Every weekend, if the weather’s good and the toll of his 89 years and the severe wounds he suffered permits it, the World War II veteran likes to sit outside with his wife.

Not an unusual experience for the quickly dwindling generation of servicemen who fought and sacrificed so long ago. But former Senator Robert Dole doesn’t sit in a garden or a leafy park. He places himself at an entrance to the World War II Memorial in Washington, D.C., with his wife, former Senator Elizabeth Dole. One thing Senator Dole, now frail and handicapped, never lacks for is company.

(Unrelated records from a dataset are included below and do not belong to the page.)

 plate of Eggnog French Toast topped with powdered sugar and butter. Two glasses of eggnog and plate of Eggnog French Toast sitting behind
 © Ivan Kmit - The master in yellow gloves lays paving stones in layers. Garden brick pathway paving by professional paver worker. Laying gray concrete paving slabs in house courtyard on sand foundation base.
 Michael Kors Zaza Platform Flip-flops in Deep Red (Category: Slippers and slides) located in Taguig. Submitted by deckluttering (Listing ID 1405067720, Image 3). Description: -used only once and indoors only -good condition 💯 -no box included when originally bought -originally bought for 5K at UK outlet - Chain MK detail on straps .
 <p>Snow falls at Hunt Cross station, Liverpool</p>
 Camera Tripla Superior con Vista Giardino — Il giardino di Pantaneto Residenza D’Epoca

Without announcement or ceremony, his fellow comrades-at-arms visiting the memorial always find him and he’s constantly surrounded by them. They’re immediately drawn to say a few words and get a few words back, to share smiles of recognition from strangers — yet brothers — who once made history together.

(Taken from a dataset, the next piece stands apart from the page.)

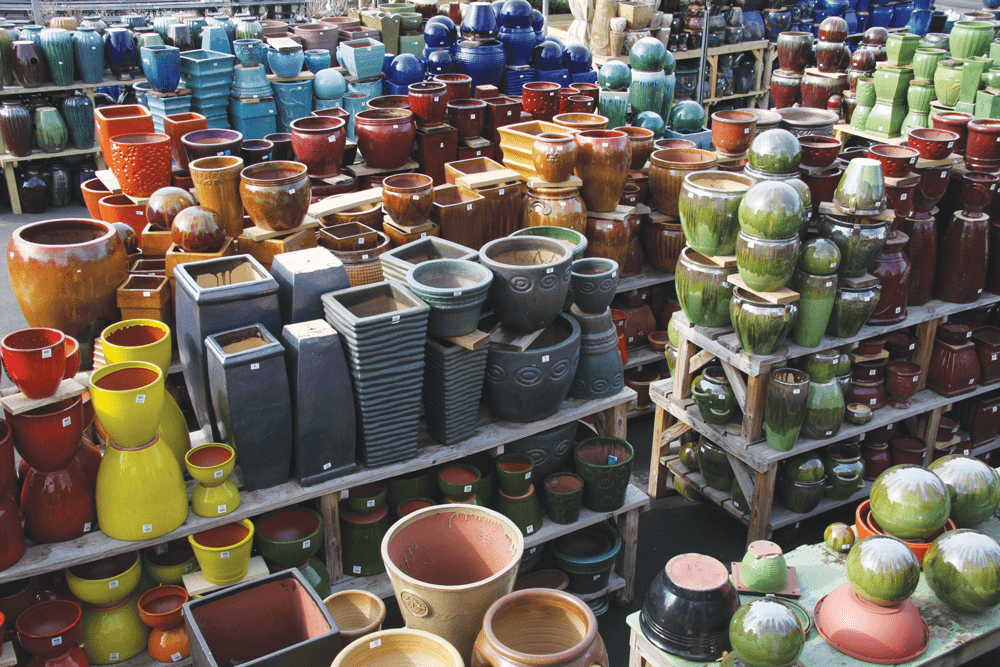 Pots piled high on racks in a gardening store's warehouse.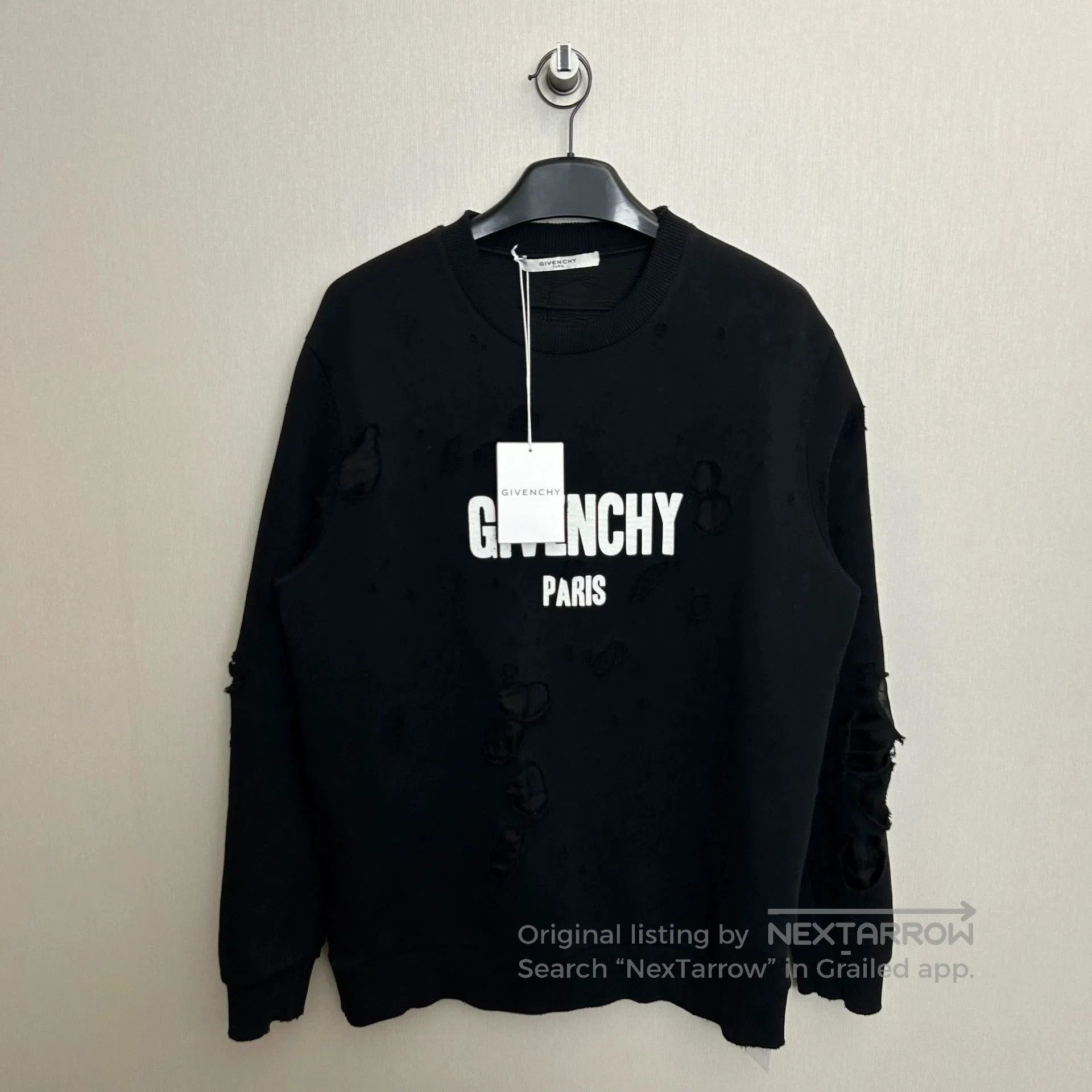 givenchy distressed black sweatshirt size L.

It’s Senator Dole’s memorial in many ways, not just for the wounds he suffered and still bears from a firefight on an Italian hilltop 67 years ago, but because he was the official who spearheaded the congressional effort to build the glittering marble rotunda, which opened in 2004.

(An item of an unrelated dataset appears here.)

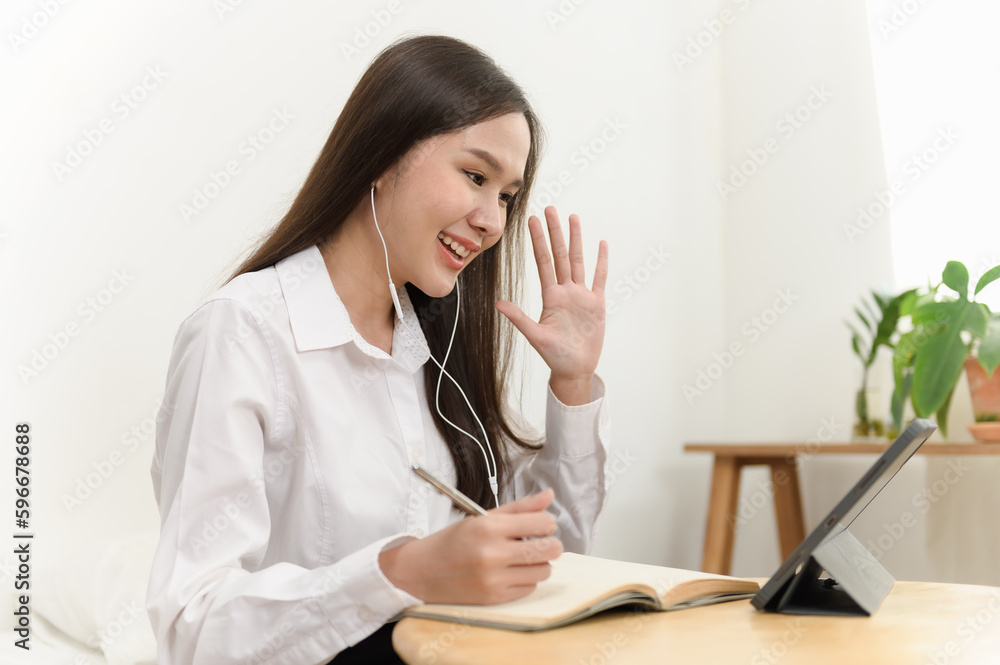 Portrait photo of Asian woman using video call communicate with business colleague friend or apply new job interview from home. Asian woman waving hand looking at camera. Portrait photo of Asian woman using video call communicate with business colleague friend or apply new job interview from home. Asian woman waving hand looking at camera.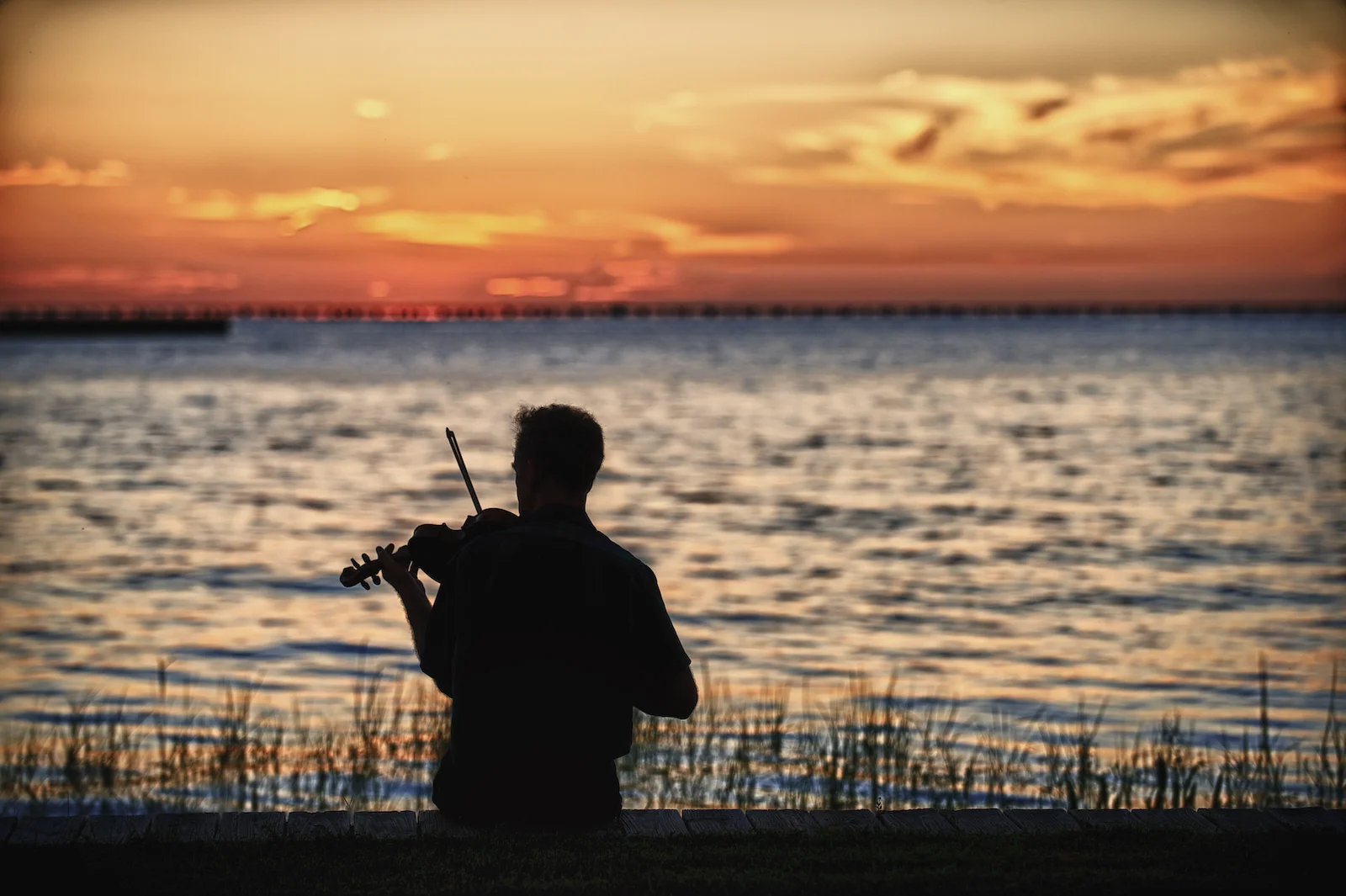 A mand plays fiddle on the north shore of Lake Pontchartrain in Louisiana. Image by New Orleans based travel photographer, Marc Pagani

On Saturday, October 20, nine Shelter Island veterans who went to war in the 1940s claimed their ownership of the memorial. They paid respects to Senator Dole and received his acknowledgement in return, as well as from countless uniformed others visiting the memorial. They were part of a tour organized by Honor Flight Long Island, the local chapter of a national nonprofit group dedicated to bringing World War II veterans to the memorial on the National Mall. That October Saturday there were, including Shelter Island’s, eight Honor Flights to Washington from around the country.

But equal credit for the successful day goes to Police Officer Tom Cronin, who came up with the idea to pay tribute to his own hometown vets. The tour’s guiding spirit every step of the way, he coordinated with Honor Flight and organized the raising of $13,000 that paid for all expenses for 24 veterans. Along with the nine Greatest Generation vets were men who served during the Korea and Vietnam eras, and those posted to Beirut, Lebanon and the first Gulf War, plus 18 people who accompanied them.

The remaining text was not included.